**WORK INSTRUCTION:** Extract the listing below in full, unchanged.

BEGIN

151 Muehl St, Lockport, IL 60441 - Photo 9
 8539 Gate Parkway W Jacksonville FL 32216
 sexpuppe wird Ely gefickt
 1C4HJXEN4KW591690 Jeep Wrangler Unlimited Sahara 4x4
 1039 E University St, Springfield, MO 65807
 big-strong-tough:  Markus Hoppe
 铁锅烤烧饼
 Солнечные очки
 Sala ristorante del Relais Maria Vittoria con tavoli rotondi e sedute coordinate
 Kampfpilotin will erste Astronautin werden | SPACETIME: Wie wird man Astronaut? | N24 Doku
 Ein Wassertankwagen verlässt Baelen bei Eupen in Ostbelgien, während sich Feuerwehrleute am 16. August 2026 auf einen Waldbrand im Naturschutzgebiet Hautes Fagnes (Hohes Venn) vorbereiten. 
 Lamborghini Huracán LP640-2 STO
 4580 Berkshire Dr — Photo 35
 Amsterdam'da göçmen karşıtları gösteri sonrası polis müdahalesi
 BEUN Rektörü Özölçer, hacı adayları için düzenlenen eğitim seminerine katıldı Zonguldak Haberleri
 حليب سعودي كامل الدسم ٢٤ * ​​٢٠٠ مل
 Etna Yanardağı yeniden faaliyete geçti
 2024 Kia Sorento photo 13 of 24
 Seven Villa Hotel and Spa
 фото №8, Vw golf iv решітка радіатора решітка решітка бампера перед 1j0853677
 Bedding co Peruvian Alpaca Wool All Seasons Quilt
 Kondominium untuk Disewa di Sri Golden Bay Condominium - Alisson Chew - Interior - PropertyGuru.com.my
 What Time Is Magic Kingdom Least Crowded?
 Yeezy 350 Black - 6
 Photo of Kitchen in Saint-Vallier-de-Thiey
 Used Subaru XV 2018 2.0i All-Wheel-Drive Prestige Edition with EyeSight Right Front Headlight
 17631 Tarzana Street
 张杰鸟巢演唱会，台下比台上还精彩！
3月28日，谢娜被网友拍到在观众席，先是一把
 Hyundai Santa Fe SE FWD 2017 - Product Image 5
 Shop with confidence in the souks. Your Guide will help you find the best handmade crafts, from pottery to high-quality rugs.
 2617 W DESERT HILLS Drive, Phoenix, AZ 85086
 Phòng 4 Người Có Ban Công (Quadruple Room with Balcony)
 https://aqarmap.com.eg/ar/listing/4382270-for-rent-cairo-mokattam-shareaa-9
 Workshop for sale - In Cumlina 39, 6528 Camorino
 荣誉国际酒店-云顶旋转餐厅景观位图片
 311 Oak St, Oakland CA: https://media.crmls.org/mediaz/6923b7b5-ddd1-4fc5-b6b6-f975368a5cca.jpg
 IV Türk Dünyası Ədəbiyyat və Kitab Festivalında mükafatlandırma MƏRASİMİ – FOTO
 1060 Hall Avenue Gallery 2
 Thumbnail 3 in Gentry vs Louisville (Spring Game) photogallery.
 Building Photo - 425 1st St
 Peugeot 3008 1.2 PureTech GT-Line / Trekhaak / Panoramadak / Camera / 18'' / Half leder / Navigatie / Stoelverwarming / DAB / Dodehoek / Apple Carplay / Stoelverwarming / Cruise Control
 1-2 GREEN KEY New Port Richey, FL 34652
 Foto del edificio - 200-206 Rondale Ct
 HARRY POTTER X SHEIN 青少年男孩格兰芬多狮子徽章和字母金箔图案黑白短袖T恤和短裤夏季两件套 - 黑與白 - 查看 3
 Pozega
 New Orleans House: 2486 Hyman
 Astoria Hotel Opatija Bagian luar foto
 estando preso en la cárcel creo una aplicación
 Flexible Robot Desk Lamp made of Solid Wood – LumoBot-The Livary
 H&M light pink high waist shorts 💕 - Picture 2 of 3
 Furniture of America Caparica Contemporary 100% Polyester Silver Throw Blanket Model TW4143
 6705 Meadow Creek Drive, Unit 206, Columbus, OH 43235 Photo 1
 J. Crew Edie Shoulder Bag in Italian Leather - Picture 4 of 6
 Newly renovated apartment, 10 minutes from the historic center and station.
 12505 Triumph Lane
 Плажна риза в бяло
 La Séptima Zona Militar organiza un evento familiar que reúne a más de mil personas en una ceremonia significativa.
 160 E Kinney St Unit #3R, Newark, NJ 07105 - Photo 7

END

**WRITTEN ANSWER:**
151 Muehl St, Lockport, IL 60441 - Photo 9
 8539 Gate Parkway W Jacksonville FL 32216
 sexpuppe wird Ely gefickt
 1C4HJXEN4KW591690 Jeep Wrangler Unlimited Sahara 4x4
 1039 E University St, Springfield, MO 65807
 big-strong-tough:  Markus Hoppe
 铁锅烤烧饼
 Солнечные очки
 Sala ristorante del Relais Maria Vittoria con tavoli rotondi e sedute coordinate
 Kampfpilotin will erste Astronautin werden | SPACETIME: Wie wird man Astronaut? | N24 Doku
 Ein Wassertankwagen verlässt Baelen bei Eupen in Ostbelgien, während sich Feuerwehrleute am 16. August 2026 auf einen Waldbrand im Naturschutzgebiet Hautes Fagnes (Hohes Venn) vorbereiten. 
 Lamborghini Huracán LP640-2 STO
 4580 Berkshire Dr — Photo 35
 Amsterdam'da göçmen karşıtları gösteri sonrası polis müdahalesi
 BEUN Rektörü Özölçer, hacı adayları için düzenlenen eğitim seminerine katıldı Zonguldak Haberleri
 حليب سعودي كامل الدسم ٢٤ * ​​٢٠٠ مل
 Etna Yanardağı yeniden faaliyete geçti
 2024 Kia Sorento photo 13 of 24
 Seven Villa Hotel and Spa
 фото №8, Vw golf iv решітка радіатора решітка решітка бампера перед 1j0853677
 Bedding co Peruvian Alpaca Wool All Seasons Quilt
 Kondominium untuk Disewa di Sri Golden Bay Condominium - Alisson Chew - Interior - PropertyGuru.com.my
 What Time Is Magic Kingdom Least Crowded?
 Yeezy 350 Black - 6
 Photo of Kitchen in Saint-Vallier-de-Thiey
 Used Subaru XV 2018 2.0i All-Wheel-Drive Prestige Edition with EyeSight Right Front Headlight
 17631 Tarzana Street
 张杰鸟巢演唱会，台下比台上还精彩！
3月28日，谢娜被网友拍到在观众席，先是一把
 Hyundai Santa Fe SE FWD 2017 - Product Image 5
 Shop with confidence in the souks. Your Guide will help you find the best handmade crafts, from pottery to high-quality rugs.
 2617 W DESERT HILLS Drive, Phoenix, AZ 85086
 Phòng 4 Người Có Ban Công (Quadruple Room with Balcony)
 https://aqarmap.com.eg/ar/listing/4382270-for-rent-cairo-mokattam-shareaa-9
 Workshop for sale - In Cumlina 39, 6528 Camorino
 荣誉国际酒店-云顶旋转餐厅景观位图片
 311 Oak St, Oakland CA: https://media.crmls.org/mediaz/6923b7b5-ddd1-4fc5-b6b6-f975368a5cca.jpg
 IV Türk Dünyası Ədəbiyyat və Kitab Festivalında mükafatlandırma MƏRASİMİ – FOTO
 1060 Hall Avenue Gallery 2
 Thumbnail 3 in Gentry vs Louisville (Spring Game) photogallery.
 Building Photo - 425 1st St
 Peugeot 3008 1.2 PureTech GT-Line / Trekhaak / Panoramadak / Camera / 18'' / Half leder / Navigatie / Stoelverwarming / DAB / Dodehoek / Apple Carplay / Stoelverwarming / Cruise Control
 1-2 GREEN KEY New Port Richey, FL 34652
 Foto del edificio - 200-206 Rondale Ct
 HARRY POTTER X SHEIN 青少年男孩格兰芬多狮子徽章和字母金箔图案黑白短袖T恤和短裤夏季两件套 - 黑與白 - 查看 3
 Pozega
 New Orleans House: 2486 Hyman
 Astoria Hotel Opatija Bagian luar foto
 estando preso en la cárcel creo una aplicación
 Flexible Robot Desk Lamp made of Solid Wood – LumoBot-The Livary
 H&M light pink high waist shorts 💕 - Picture 2 of 3
 Furniture of America Caparica Contemporary 100% Polyester Silver Throw Blanket Model TW4143
 6705 Meadow Creek Drive, Unit 206, Columbus, OH 43235 Photo 1
 J. Crew Edie Shoulder Bag in Italian Leather - Picture 4 of 6
 Newly renovated apartment, 10 minutes from the historic center and station.
 12505 Triumph Lane
 Плажна риза в бяло
 La Séptima Zona Militar organiza un evento familiar que reúne a más de mil personas en una ceremonia significativa.
 160 E Kinney St Unit #3R, Newark, NJ 07105 - Photo 7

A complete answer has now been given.